▶ **RECORDS**
┌──
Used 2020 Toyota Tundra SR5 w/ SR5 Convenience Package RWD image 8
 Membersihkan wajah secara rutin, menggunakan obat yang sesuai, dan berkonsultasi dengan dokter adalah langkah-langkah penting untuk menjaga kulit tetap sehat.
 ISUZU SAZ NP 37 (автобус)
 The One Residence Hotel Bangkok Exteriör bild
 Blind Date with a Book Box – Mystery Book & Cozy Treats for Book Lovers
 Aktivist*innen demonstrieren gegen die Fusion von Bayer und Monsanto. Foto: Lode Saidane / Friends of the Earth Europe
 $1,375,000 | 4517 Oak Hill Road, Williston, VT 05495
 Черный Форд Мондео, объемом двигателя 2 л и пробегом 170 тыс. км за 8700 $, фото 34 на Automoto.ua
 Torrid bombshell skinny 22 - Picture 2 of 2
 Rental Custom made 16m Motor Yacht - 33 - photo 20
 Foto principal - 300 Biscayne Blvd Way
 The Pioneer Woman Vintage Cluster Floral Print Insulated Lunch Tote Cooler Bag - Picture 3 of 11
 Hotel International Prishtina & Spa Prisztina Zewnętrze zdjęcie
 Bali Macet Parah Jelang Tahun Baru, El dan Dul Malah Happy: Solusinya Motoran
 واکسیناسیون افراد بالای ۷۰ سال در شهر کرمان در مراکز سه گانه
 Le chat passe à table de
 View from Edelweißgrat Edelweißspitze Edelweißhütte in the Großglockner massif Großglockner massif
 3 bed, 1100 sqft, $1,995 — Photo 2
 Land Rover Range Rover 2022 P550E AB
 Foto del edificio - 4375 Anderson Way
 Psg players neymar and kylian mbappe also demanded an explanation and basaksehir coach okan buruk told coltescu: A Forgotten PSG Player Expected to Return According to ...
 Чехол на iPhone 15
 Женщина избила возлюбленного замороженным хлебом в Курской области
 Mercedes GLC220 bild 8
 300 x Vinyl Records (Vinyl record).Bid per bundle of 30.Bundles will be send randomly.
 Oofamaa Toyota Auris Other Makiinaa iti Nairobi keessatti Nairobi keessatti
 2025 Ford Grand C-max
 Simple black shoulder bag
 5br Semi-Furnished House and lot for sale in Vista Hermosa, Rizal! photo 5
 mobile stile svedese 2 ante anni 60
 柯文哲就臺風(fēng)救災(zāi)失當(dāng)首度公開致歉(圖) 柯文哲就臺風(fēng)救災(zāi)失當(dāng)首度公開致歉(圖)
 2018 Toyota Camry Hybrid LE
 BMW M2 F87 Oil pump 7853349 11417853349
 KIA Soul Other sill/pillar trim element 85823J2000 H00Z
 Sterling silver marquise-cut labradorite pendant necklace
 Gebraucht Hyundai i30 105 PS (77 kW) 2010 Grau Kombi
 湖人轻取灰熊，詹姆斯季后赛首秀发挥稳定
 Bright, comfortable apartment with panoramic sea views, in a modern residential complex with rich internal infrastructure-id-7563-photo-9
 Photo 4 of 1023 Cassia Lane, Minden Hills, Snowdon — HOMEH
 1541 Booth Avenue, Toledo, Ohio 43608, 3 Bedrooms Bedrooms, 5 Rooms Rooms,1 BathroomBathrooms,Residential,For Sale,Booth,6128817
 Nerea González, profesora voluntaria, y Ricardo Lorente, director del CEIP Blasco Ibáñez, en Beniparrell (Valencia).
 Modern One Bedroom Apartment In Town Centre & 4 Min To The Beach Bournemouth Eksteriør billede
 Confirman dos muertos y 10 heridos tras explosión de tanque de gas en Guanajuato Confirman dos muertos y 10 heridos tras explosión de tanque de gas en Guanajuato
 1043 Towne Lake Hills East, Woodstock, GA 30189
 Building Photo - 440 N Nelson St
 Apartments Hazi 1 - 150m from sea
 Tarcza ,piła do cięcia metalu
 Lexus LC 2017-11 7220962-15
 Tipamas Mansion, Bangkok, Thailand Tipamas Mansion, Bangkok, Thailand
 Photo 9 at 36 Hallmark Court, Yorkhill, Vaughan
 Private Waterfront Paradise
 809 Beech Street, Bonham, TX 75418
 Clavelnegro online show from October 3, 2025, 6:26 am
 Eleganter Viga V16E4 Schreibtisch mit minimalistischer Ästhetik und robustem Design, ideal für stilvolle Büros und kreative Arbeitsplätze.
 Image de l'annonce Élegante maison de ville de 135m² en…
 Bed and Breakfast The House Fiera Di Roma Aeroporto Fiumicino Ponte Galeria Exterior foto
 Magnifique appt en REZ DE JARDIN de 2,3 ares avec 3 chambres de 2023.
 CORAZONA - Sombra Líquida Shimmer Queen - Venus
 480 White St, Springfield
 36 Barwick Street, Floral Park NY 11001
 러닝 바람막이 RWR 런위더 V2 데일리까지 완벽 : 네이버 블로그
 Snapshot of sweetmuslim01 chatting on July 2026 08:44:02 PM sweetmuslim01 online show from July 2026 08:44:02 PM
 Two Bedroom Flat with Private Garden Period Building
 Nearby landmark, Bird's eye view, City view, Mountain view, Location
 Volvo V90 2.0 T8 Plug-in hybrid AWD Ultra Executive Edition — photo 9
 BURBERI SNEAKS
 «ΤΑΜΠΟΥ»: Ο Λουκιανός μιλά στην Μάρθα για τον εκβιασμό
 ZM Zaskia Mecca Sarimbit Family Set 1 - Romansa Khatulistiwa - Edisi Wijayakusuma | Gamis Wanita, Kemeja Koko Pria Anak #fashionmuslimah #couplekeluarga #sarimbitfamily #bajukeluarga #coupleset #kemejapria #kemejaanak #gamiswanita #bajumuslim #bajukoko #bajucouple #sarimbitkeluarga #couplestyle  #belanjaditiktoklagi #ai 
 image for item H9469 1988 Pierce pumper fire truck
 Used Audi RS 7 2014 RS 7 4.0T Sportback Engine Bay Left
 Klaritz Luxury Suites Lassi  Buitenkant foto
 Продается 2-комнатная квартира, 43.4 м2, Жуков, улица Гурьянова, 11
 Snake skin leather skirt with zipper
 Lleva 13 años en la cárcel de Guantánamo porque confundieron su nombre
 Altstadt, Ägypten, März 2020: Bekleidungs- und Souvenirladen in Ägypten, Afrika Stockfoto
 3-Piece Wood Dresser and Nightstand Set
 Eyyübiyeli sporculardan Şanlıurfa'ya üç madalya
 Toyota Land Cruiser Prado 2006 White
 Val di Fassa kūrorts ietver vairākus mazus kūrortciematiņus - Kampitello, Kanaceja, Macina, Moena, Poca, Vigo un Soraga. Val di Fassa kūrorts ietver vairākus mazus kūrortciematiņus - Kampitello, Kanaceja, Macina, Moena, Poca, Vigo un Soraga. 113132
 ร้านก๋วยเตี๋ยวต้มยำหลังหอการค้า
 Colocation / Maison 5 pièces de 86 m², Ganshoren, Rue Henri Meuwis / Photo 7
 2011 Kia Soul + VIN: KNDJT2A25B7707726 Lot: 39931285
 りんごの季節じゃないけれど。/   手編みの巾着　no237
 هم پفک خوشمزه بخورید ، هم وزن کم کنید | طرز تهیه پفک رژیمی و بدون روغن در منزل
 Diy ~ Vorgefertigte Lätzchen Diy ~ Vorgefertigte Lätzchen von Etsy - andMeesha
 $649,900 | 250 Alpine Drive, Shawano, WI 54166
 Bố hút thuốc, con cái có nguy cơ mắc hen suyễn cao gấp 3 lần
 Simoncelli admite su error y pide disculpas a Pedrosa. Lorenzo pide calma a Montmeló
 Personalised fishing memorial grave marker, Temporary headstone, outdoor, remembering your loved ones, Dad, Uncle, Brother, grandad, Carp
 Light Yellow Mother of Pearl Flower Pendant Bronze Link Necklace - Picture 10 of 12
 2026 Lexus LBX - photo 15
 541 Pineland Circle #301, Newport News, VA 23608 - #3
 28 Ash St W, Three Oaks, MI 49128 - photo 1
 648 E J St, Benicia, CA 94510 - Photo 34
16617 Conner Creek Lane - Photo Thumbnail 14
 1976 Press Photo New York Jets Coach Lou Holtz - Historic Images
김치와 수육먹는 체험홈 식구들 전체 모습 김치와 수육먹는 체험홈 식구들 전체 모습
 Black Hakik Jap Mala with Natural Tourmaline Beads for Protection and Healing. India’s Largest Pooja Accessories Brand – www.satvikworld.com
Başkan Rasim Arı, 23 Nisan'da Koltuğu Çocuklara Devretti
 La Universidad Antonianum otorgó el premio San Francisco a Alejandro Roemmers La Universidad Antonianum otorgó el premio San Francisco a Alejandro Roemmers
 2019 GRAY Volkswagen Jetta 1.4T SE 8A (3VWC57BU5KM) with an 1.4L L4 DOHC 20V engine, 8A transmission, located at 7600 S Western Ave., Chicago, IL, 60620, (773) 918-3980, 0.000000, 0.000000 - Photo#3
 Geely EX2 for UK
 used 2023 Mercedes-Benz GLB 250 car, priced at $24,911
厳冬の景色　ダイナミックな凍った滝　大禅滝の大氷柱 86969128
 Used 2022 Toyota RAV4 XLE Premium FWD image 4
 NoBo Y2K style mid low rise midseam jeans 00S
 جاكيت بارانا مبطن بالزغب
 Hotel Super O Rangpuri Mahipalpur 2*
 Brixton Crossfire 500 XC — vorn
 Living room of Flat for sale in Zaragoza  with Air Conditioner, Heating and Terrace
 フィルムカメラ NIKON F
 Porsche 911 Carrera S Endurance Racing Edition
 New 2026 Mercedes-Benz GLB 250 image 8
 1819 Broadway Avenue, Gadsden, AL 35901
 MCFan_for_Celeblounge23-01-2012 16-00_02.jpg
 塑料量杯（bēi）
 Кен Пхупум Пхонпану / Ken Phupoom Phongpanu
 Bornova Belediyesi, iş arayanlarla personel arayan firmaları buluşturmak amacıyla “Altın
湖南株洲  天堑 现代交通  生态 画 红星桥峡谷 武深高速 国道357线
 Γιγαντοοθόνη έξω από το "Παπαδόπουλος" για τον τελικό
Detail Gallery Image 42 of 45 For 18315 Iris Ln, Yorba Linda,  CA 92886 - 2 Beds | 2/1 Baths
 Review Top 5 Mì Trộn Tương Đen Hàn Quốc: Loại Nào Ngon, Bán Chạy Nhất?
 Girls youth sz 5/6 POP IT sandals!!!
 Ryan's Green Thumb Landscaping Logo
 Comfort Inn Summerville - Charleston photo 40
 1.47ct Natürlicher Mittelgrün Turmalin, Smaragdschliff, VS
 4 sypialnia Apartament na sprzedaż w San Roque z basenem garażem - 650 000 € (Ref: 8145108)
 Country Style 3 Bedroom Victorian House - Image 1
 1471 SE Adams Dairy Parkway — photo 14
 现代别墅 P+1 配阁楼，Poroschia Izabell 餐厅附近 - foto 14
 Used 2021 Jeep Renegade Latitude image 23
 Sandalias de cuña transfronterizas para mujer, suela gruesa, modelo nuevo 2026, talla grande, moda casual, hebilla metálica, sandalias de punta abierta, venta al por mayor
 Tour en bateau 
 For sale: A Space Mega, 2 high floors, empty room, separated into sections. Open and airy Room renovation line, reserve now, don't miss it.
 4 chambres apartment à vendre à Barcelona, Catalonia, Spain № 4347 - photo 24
└──
▶ **TASK ITEM**
Give back, word for word, only the lines above from the line holding "Hotel Super O Rangpuri Mahipalpur 2*" to the line holding "现代别墅 P+1 配阁楼，Poroschia", both included.

▶ **RESPONSE AREA**
 Hotel Super O Rangpuri Mahipalpur 2*
 Brixton Crossfire 500 XC — vorn
 Living room of Flat for sale in Zaragoza  with Air Conditioner, Heating and Terrace
 フィルムカメラ NIKON F
 Porsche 911 Carrera S Endurance Racing Edition
 New 2026 Mercedes-Benz GLB 250 image 8
 1819 Broadway Avenue, Gadsden, AL 35901
 MCFan_for_Celeblounge23-01-2012 16-00_02.jpg
 塑料量杯（bēi）
 Кен Пхупум Пхонпану / Ken Phupoom Phongpanu
 Bornova Belediyesi, iş arayanlarla personel arayan firmaları buluşturmak amacıyla “Altın
湖南株洲  天堑 现代交通  生态 画 红星桥峡谷 武深高速 国道357线
 Γιγαντοοθόνη έξω από το "Παπαδόπουλος" για τον τελικό
Detail Gallery Image 42 of 45 For 18315 Iris Ln, Yorba Linda,  CA 92886 - 2 Beds | 2/1 Baths
 Review Top 5 Mì Trộn Tương Đen Hàn Quốc: Loại Nào Ngon, Bán Chạy Nhất?
 Girls youth sz 5/6 POP IT sandals!!!
 Ryan's Green Thumb Landscaping Logo
 Comfort Inn Summerville - Charleston photo 40
 1.47ct Natürlicher Mittelgrün Turmalin, Smaragdschliff, VS
 4 sypialnia Apartament na sprzedaż w San Roque z basenem garażem - 650 000 € (Ref: 8145108)
 Country Style 3 Bedroom Victorian House - Image 1
 1471 SE Adams Dairy Parkway — photo 14
 现代别墅 P+1 配阁楼，Poroschia Izabell 餐厅附近 - foto 14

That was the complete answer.